BEGIN Recorded information

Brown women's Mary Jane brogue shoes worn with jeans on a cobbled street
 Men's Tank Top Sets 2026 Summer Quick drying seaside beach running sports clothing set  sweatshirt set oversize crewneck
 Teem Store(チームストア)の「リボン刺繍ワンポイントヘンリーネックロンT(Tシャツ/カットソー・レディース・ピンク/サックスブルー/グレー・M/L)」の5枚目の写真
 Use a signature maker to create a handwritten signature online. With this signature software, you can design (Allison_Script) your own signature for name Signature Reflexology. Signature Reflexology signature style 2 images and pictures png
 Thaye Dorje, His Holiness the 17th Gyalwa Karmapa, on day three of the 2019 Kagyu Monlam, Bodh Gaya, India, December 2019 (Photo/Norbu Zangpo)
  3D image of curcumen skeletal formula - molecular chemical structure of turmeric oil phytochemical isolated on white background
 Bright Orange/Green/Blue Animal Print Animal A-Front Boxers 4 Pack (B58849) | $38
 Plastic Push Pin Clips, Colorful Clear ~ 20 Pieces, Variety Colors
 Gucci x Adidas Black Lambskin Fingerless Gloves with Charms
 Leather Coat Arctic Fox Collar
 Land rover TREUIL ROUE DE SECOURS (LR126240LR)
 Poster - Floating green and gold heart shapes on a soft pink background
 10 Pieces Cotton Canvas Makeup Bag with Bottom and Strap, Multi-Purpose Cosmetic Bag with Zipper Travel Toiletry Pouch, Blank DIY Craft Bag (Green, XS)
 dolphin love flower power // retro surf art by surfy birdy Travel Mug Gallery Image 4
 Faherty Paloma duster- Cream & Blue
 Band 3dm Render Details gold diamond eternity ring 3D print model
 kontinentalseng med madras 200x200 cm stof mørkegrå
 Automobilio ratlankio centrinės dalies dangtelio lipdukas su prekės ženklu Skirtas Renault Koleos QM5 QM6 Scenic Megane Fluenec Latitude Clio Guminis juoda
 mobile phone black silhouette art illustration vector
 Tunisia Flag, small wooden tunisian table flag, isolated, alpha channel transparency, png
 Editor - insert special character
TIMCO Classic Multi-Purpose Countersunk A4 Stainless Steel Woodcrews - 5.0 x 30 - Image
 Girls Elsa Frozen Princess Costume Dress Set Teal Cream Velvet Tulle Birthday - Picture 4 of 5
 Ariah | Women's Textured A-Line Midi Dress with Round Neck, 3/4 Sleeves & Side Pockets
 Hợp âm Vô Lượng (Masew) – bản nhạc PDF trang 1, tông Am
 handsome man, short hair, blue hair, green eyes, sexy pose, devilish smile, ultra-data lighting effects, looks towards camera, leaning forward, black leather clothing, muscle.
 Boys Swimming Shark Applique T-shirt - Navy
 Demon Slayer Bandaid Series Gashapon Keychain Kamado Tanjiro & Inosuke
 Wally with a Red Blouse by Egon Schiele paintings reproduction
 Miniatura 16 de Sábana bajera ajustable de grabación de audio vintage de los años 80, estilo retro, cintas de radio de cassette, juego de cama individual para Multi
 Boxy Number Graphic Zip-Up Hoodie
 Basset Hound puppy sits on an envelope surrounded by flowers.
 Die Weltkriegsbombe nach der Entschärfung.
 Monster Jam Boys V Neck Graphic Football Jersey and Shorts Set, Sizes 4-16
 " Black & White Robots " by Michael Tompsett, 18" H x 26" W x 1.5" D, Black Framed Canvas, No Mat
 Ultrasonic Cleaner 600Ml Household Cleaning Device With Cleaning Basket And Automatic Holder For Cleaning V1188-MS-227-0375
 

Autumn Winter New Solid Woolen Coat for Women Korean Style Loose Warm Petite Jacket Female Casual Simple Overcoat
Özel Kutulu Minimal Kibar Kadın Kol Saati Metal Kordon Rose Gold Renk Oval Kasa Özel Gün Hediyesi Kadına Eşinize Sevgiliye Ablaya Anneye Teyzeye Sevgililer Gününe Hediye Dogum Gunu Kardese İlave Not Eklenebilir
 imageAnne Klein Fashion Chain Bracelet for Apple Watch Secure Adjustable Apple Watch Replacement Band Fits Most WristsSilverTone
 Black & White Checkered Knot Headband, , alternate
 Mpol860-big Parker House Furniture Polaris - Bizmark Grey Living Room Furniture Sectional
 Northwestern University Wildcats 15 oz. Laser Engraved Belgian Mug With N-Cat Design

END Recorded information

● **About this exercise**:
Retype, in the same exact form, the lines of the material above from the line holding "Tunisia Flag, small" through the line holding "Hợp âm Vô Lượng".

● **Task solution**:
 Tunisia Flag, small wooden tunisian table flag, isolated, alpha channel transparency, png
 Editor - insert special character
TIMCO Classic Multi-Purpose Countersunk A4 Stainless Steel Woodcrews - 5.0 x 30 - Image
 Girls Elsa Frozen Princess Costume Dress Set Teal Cream Velvet Tulle Birthday - Picture 4 of 5
 Ariah | Women's Textured A-Line Midi Dress with Round Neck, 3/4 Sleeves & Side Pockets
 Hợp âm Vô Lượng (Masew) – bản nhạc PDF trang 1, tông Am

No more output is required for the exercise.